So if Go executable loads Go DLL, we will have 2 copies of runtime.addmoduledata loaded at different addresses.

But, I don't see how this is relevant to our conversation.

If you look at the values of R15 and RAX you see the addresses match.

I think the difference you see between Linux and Windows, is that R15 in runtime·addmoduledata is set to 0. See this comment about R15

go/src/runtime/asm_amd64.s

Lines 1342 to 1349 in ba2e8a6

// This is called from .init_array and follows the platform, not Go, ABI.
TEXT runtime·addmoduledata(SB),NOSPLIT,$0-0
PUSHQ R15 // The access to global variables below implicitly uses R15, which is callee-save
MOVQ runtime·lastmoduledatap(SB), AX
MOVQ DI, moduledata_next(AX)
MOVQ DI, runtime·lastmoduledatap(SB)
POPQ R15
RET

I do not know how R15 is used to access global variables. And who sets R15. Maybe others will help.

I'm not sure why your experience is different than mine. I've provided a gist the debugging on windows if that helps here: https://gist.github.com/cchamplin/2f930b60551aece7de4118f168390093

It does help. I downloaded later gdb version, and it works similarly to yours. Thank you very much.

Alex

@alexbrainman

So if Go executable loads Go DLL, we will have 2 copies of runtime.addmoduledata loaded at different addresses.

But, I don't see how this is relevant to our conversation.

It's not so much runtime.addmoduledata but runtime.lastmoduledatap and runtime.firstmoduledata. When we have two versions of these it's causing it to blow up, since in the plugin lastmoduledatap isn't initialized (this is handled by the plugin host)

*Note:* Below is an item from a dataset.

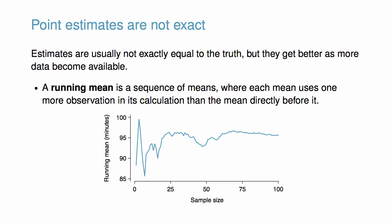A running mean is a sequence of means where each mean uses one more observation in its calculation than the mean directly before it in the sequence. For example, the second mean in the sequence is the average of the first two observations and the third in the sequence is the average of the first three. The running mean for the 10-mile race times is shown in the figure, and we can see it approaches the true population average, 94.52 minutes, as more data become available.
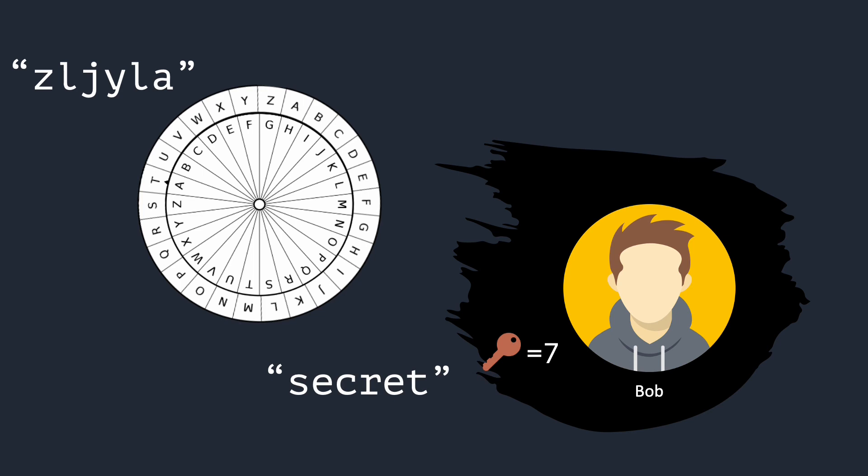Bob obtains the decrypted message secret, which is exactly the message sent by Alice. This encryption scheme is correct, meaning that Bob's decryption matches Alice's message. On the other hand, we are not sure if any security is guaranteed.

Anyways I've made real progress and think that the path I'm on is workable here's where we're at, if anyone notices anything that sounds wrong please let me know:

  • These comments speak for Windows - Linux may be different in many respects
  • Technically the host and the plugin don't both need copies of the go runtime in their binary
  • The plugin ideally should not include the whole Go runtime but instead should utilize the runtime included in the host
  • The PE format is different in that there isn't really a GOT which appears to be how plugins on *nix are accessing host memory
  • If we can make the runtime.* symbols from the host available to the plugin during linking and execution most of the existing plugin code should just work

Current technical steps:

  1. build the host
go build -ldflags=all="-linkmode=external -extldflags=-Wl,--export-all-symbols" greeter.go
  1. Create symbol definition (this might be temporary, there may be ways to get gcc to produce the shared library)
dlltool --export-all-symbols greeter.exe -z runtime.defs
  1. Cleanup runtime.defs (Basically remove non runtime.* symbols)
  2. Create library
dlltool -d runtime.defs -l libruntime.a -D greeter.exe
  1. Adjust golang linker to produce object files that gcc will correctly link up for buildmode=plugin
    a. Mark every symbol as extern
    b. Set the value for the runtime.* symbols to 0x0 instead of their normal locations
    c. Prefix runtime.* symbols with __imp_ (gcc uses this to correctly build the idata/import table)
    d. Set the section for all runtime.* symbols to idx 0 (should be .text I think)
  2. Build the plugin
go build -ldflags=all="\"-extldflags=-LI:\\path\\to\\dir\\ -lruntime\"" -buildmode=plugin .\eng

Where we are now:

So things build and if you run the host (greeter.exe) we are able to get past runtime.addmoduledata. It doesn't directly segfault but we panic when trying to read the pkghash data. Haven't had time to investigate yet.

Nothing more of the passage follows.